#### Exercise brief:
All lines before the one containing "an oil painting", plus that line itself, are to be printed exactly as they appear below.

#### Extracted material:

###

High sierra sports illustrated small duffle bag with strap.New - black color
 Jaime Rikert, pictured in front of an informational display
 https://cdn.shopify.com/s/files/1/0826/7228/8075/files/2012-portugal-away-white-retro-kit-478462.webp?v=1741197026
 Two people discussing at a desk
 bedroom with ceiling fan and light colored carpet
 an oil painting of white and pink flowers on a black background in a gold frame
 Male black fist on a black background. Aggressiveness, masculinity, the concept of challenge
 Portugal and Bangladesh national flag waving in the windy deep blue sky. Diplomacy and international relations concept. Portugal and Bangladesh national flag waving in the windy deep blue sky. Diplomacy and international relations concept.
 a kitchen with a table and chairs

###

#### Answer to this exercise:
High sierra sports illustrated small duffle bag with strap.New - black color
 Jaime Rikert, pictured in front of an informational display
 https://cdn.shopify.com/s/files/1/0826/7228/8075/files/2012-portugal-away-white-retro-kit-478462.webp?v=1741197026
 Two people discussing at a desk
 bedroom with ceiling fan and light colored carpet
 an oil painting of white and pink flowers on a black background in a gold frame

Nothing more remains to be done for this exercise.